The main task to "admit both modes of reasoning" here is to find the correspondences between dynamic and static object spaces.

Assume we'd have the following script:

a = [1, 2, "hello"]
print(type(a))

We want to print out the type of the list we just constructed. The desired output of this would be List(Integer | String).

I know you already see some problems that seem intractable here.

Both types and values exist in the same object space. Type theorists tend to treat these as if they were in different universes entirely.
We cannot know whether the type annotation is conclusive. Append 1.5 into the list and the type annotation should change to List(Integer | Rational | String).
How do the internals of dynamic types correspond to static types?

When I started writing this post, I did not know the answer to the last question here. I think it's the potentially the most interesting one. The answer comes from higher-order type operators. It is also the reason for writing the whole post in the first place.

The second problem is likely something we have to live with, but it can be made much smaller by making module contents immutable. At first it would seem counterintuitive to have a dynamically typed language with immutable modules, but this actually makes a lot of sense.

The types and values in same object space would seem to be a showstopper at first. On closer inspection it doesn't seem to matter at all. All right, values and types are from different universes, and you may get types of types that are again from an another universe. They can still share the same namespace without a problem.

Immutable modules

Programs no longer follow Unix-process model in design. Modern software consists of many small tasks that operate at the same time. There is an operating system inside and outside a process. Setting modules immutable allows different tasks to use the same modules without interacting inadvertently.

When modules are immutable we would appear to lose the live programming capabilities of dynamically typed languages, but actually the opposite happens. The only reliable way to do live programming is to save the state, shut down and restart with a new program loading the previous state.

Additional type information makes it easier to do live programming. The verified task boundaries make it reliable and safe. When these aspects are combined, live programming becomes a commonplace and accepted software development technique.

People who have done some live programming know that it's incredibly effective when something interactive should be written. The development time may drop hundredfold if you can see the immediate feedback for every change you do.

Constructors

So that they make sense both dynamically and statically typed, how should the data constructors work?

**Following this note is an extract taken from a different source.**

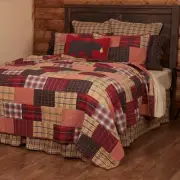 Wyatt Twin Quilt Hand Quilted Cotton Block Patchwork Red Khaki Moss Green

We might have data constructors defined like this:

data Foo(a) =
    foo(bool, Foo(a))
    bar(int, a)
    woot

You could create objects like this:

a = foo(true, woot)
b = foo(false, bar(3, "h"))
c = bar(4, 2)

With types such as these:

a :: Foo(?)
b :: Foo(String)
c :: Foo(Integer)

We get to the type constructor Foo(a) later, first lets discuss what the types of the data constructors should be:

foo  :: Constructor(Foo(_), (Integer,Bool))
bar  :: Constructor(Foo(a), (Integer,a))
woot :: Constant(Foo(?))

Constructors are pattern matchers and callables. Constants are instances of Foo(?) while they're also valid pattern matchers.

class Constructor(a, b)
    Pattern(a, b)
    Call(b -> a)

class Constant(a)
    Pattern(a, unit)

Two builtin methods are implemented for patterns:

matching    :: (Pattern(a,_), a) -> bool
deconstruct :: (Pattern(a,b), a) -> b

And they are used to implement the case clauses such as:

show(a):
    case a
    on foo(a,b)
        print("foo", a, b)
    on bar(c,d)
        print("bar", c, show(d))
    on woot
        print("woot")
show :: Foo(Stringify) -> Unit !

I have not decided how to represent coeffects/exceptions/IO, but those have to be provided on the type annotations.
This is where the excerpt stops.